Total unit sales for the month were estimated at a little over 1.4 million units – some 4.7% ahead of last year.
However, high levels of consumer confidence in the UK and Spain, with resulting strong car markets, are in stark contrast to the situation in Germany and, to a lesser extent, Italy.
In the first half of 2004, total west European car sales were estimated at a little under 7.9 million units – 3% ahead of the same period last year. However, sales during early 2003 were exceptionally weak, perhaps marking the bottom of the recent cycle. Outperforming 2003 in the latter part of 2004 will prove to be a more challenging task, JD Power-LMC said.
JD Power-LMC also said that the German consumer is yet to respond as had been hoped to a steady economic recovery.
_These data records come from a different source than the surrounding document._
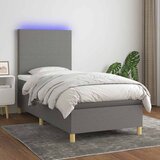  Krevet box spring s madracem LED tamnosivi 100x200 cm tkanina | shoptok.hr
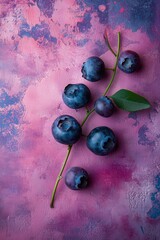 Fresh blueberries on artistic pink background – ideal for healthy food promotions, summer recipes, and fruit-themed design projects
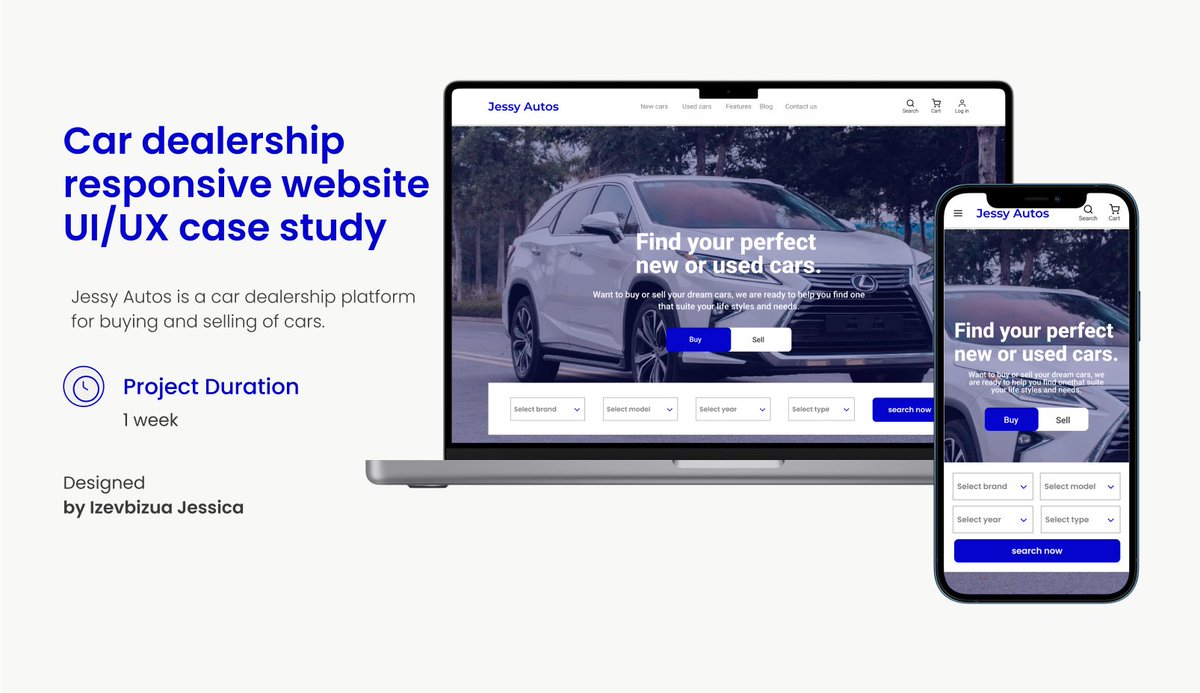 Jessylove44's tweet photo. Hi everyone
I published a car dealership responsive website case study for buying and selling of cars.
Please kindly give your feedback.
Here is the link: https://t.co/ulb5M2trdl
#casestudy #UIUIdesign #responsiveeebsite #cardealership https://t.co/hGICjaxeHY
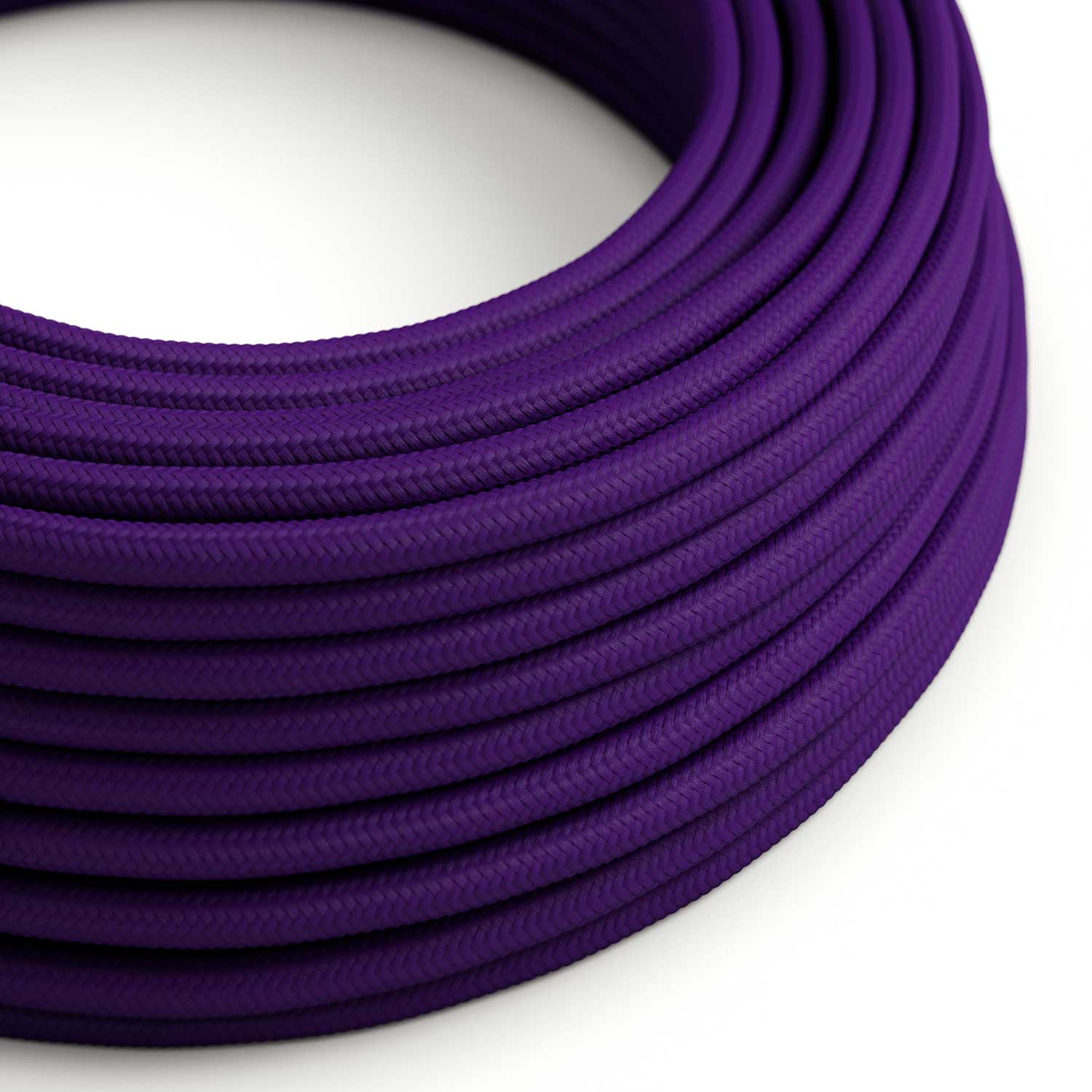 Filo elettrico ricoperto lucido Viola Imperiale - L'Originale Creative Cables, la scelta giusta per lampade esclusive - RM14 - Creative Cables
The German market’s selling rate dropped to under 3.1 million units/year in June, underlining the weakness in consumer demand.
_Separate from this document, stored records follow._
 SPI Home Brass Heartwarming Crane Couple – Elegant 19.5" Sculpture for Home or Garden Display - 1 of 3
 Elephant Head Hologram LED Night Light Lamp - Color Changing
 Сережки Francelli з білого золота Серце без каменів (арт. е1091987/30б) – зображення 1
JD Power-LMC analyst Pete Kelley says: “This year it looks unlikely that the German car market will better last year’s total. We are, however, still looking to a recovery in 2005 to a level in excess of 3.4 million units when we expect to see improving consumer sales following on from better business sector sales, but much depends on developments in the economy. We still think it will be a few more years before the market gets up to the 3.8 million-unit level.
“German consumers are spending well below the cyclical average on cars at the moment and that has much to do with the current economic situation. That low spend at least points to some build-up of potential demand, but the outlook is highly dependent on an improving economy and, in particular, a decrease in unemployment.”